Israel to Decriminalize Cannabis
Meanwhile, on the other side of the world, things are looking up. In Israel, particularly.
For decades now, Israel has been at the forefront of cannabis research and development. Last Thursday, the country took an even bigger step towards decriminalizing cannabis use. Public Security Minister Gilad Erdan just announced that a new policy would no longer prosecute those use whose cannabis for recreational purposes.
Erdan spoke at a news conference in Tel Aviv and said that the policy would “shift to decriminalization with responsibility.” The move mimics legal cannabis programs that are already existing in Europe as well as the United States. Erdan says that if the Israeli government approves the policy, anyone who is caught smoking cannabis will have to pay a fine instead of having to face prosecution and arrest. The only times that criminal prosecution would take place is if they are repeat offenders.
“Police will be able to redirect resources ... away from normative personal users and focus instead on dangerous drugs,” he adds, during the conference in Tel Aviv.

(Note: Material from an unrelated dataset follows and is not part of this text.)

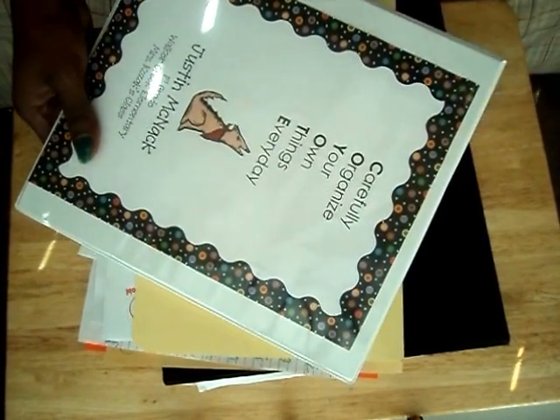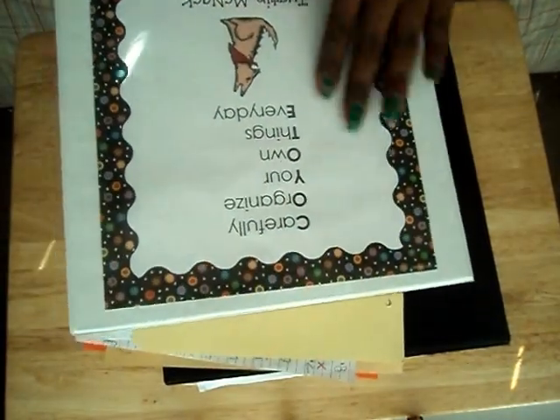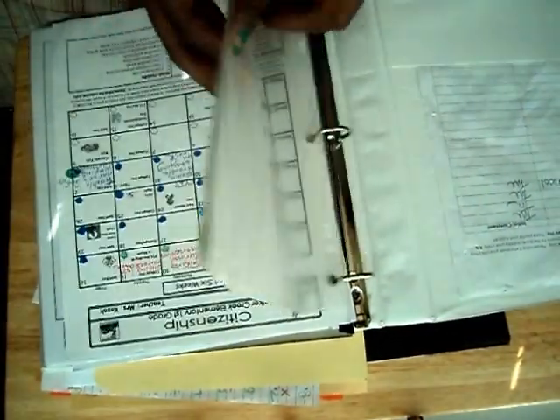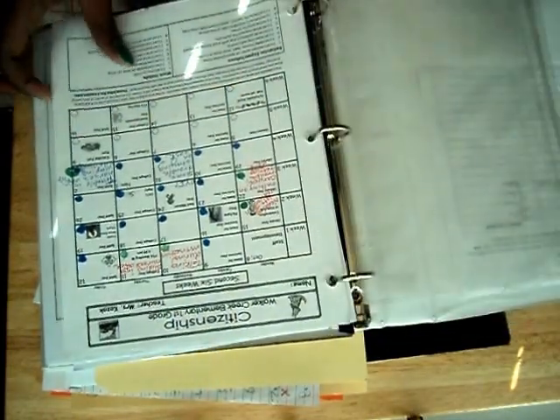Anyway, like I was saying, I got this idea from my kids' school. I have a first grader and a third grader. This is my first grader's book. They have their introduction page, and then this is their reading log, notes and money — like the field trips and stuff go inside of this little doodad.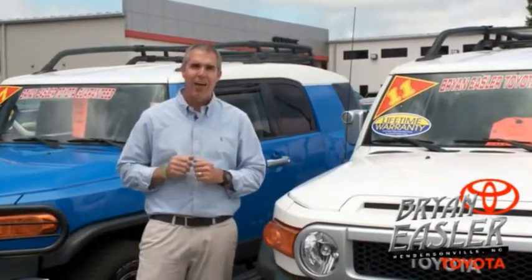At Bryonings Toyota, our used cars come with a lifetime powertrain warranty and a five-day buyback guarantee. Check it out.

The policy applies to users who are carrying around half an ounce or up to 15 grams. If the policy is approved, first-time offenders have to pay a fine of around $265, and the offense won’t appear on their criminal record. But those who are caught the second time around will have to pay double the fine; and the punishment for the third offense would be at the sole discretion of the police. However, offenders could face criminal prosecution by the fourth offense.

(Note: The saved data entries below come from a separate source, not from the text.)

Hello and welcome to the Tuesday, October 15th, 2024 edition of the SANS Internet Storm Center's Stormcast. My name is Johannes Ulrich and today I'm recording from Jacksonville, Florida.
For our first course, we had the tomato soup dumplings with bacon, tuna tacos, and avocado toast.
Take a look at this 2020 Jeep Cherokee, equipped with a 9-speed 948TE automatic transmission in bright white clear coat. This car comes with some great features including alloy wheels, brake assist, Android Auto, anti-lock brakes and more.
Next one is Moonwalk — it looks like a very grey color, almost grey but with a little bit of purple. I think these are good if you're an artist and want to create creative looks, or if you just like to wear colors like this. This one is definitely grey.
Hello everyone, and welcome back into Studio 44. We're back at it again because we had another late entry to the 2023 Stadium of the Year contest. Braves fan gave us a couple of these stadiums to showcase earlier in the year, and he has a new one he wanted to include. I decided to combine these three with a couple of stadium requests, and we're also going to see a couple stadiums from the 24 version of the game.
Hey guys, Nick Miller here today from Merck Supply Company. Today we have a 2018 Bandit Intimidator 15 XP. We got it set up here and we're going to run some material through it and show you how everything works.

Minors caught for the first time with pot would only be criminally prosecuted if they refuse to participate in treatment programs. Second offenses would be dealt with a special settlement, while third offenses could result in criminal proceedings.

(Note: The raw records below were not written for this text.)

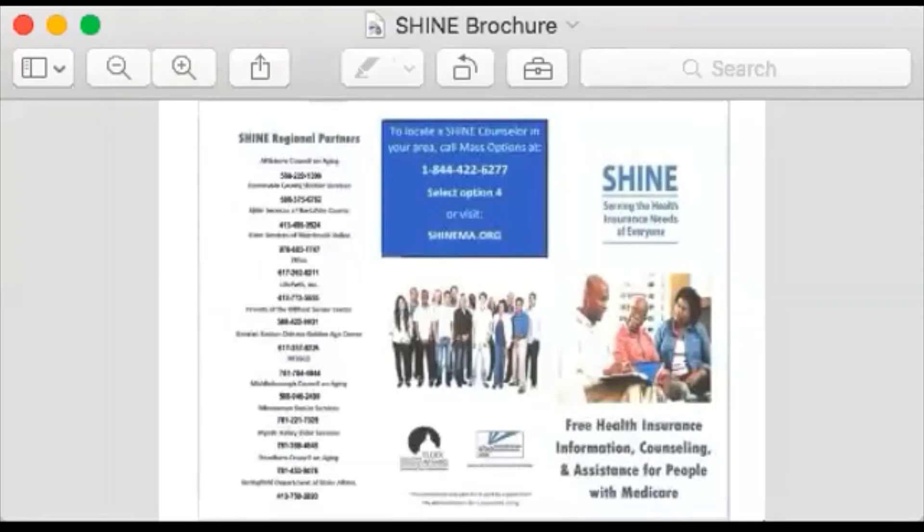For assistance with this or any other program open to Medicare beneficiaries, you can make an appointment with a SHINE counselor. Here is a list of all of the SHINE regions across Massachusetts and a contact phone number for each region. You can also contact SHINE through the MassOptions phone line at 1-844-422-6277 or via our SHINEMA.org website. Please know that SHINE is here to support Medicare beneficiaries and counselors are currently available for online or virtual appointments.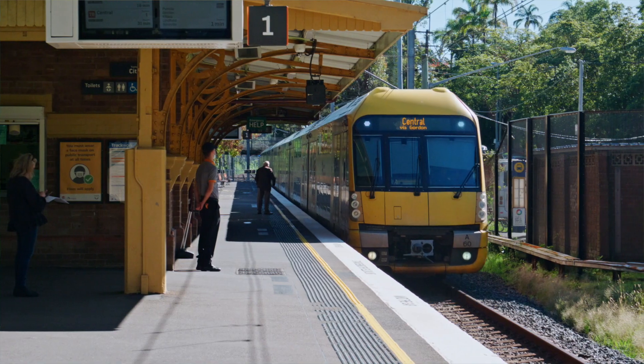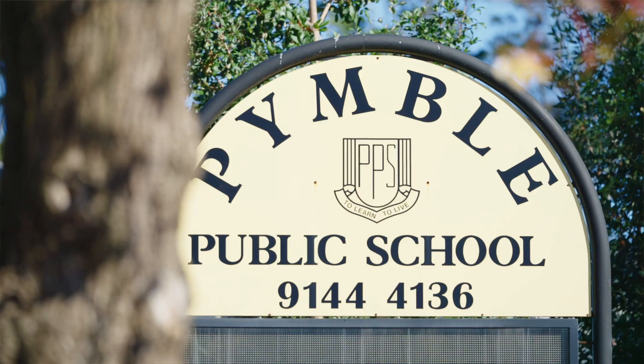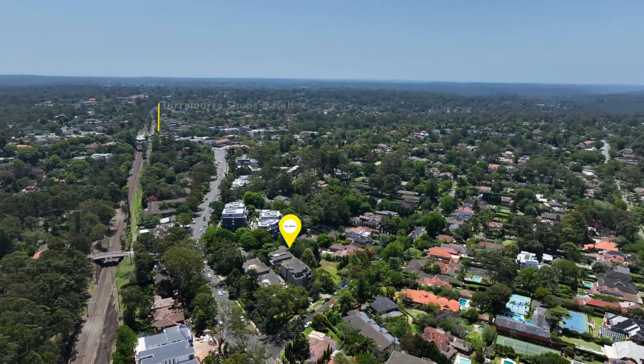Offering four bedrooms, three bathrooms, and triple car accommodation, this is one not to be missed. We're close to Turramurra Station, Pymble Station, PLC, Pymble Public, and all that Turramurra has to offer.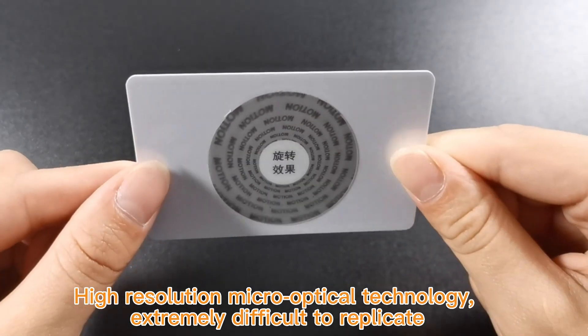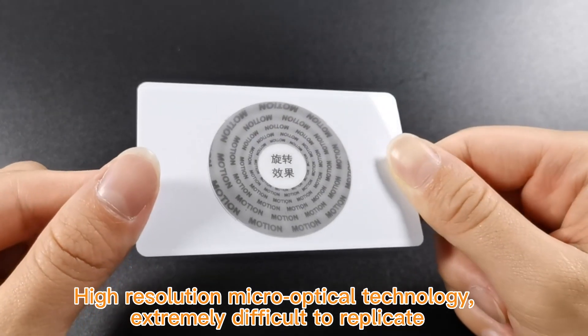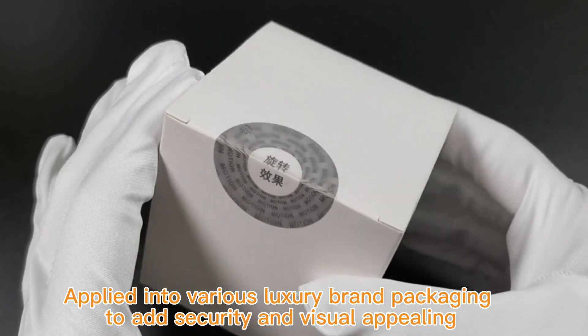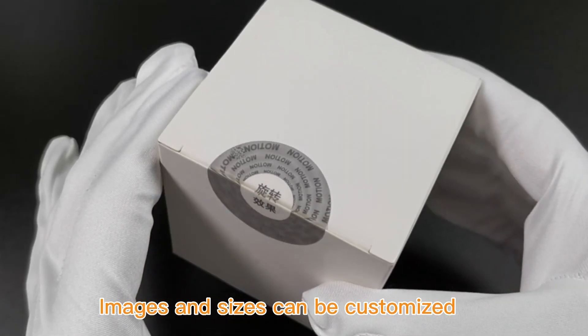High-resolution micro optical technology, extremely difficult to replicate. Applied into various luxury brand packaging to add security and visual appeal. Images and sizes can be customized.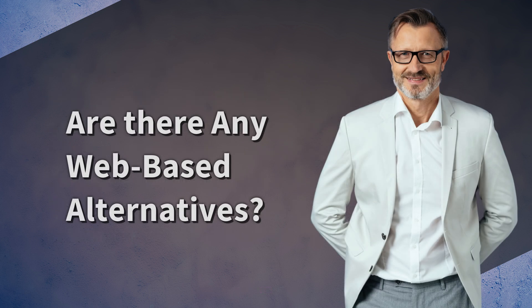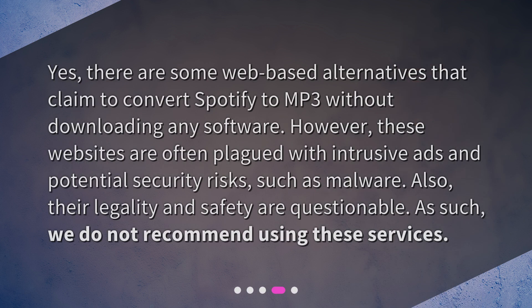Are there any web-based alternatives? Yes, there are some web-based alternatives that claim to convert Spotify to MP3 without downloading any software. However, these websites are often plagued with intrusive ads and potential security risks, such as malware. Also, their legality and safety are questionable. As such, we do not recommend using these services.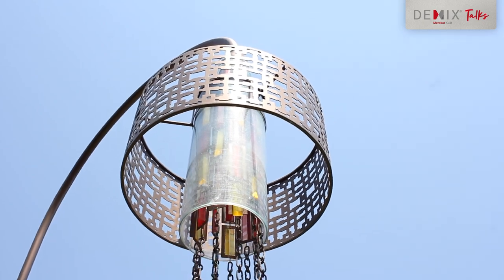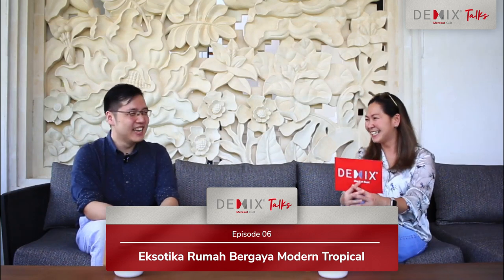Karena di Bali itu banyak sekali binatangnya. Kalau nginep-nginep di hotel banyak sekali. Kadang-kadang tiba-tiba merah, cicaknya juga banyak. Tapi itu beauty-nya Bali sih. Memang Bali itu asri sekali, kita yang tinggal di sini sangat bersyukur. Jadi kalau ada rumah sebisanya bisa ada keselarasan dengan alam.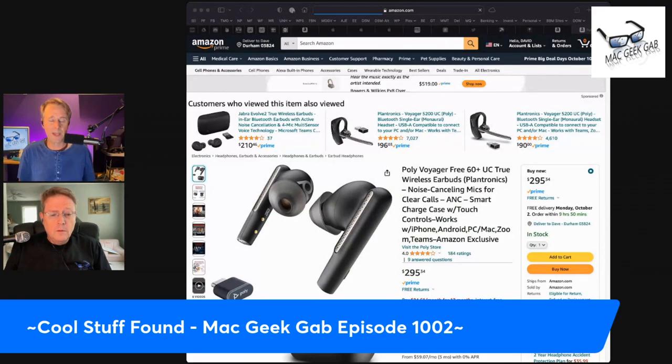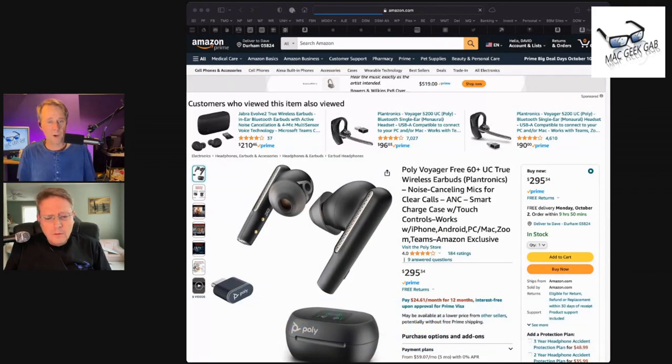Both of these check all of those boxes, but they also check a very different box — their cases do something that Apple's cases do not do. Their cases have touchscreens on them.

"We want to educate our youth that using drugs is damaging," Erdan added. "I have always taken this topic seriously and I would not make irresponsible decisions about it without understanding the policy's consequence."
The progressive stance of the country is largely due to religion, because Judaism allows the use of substances provided that they are natural and can help the body stay healthy. Medical use of cannabis is already widely accepted even by Israel’s religious conservatives.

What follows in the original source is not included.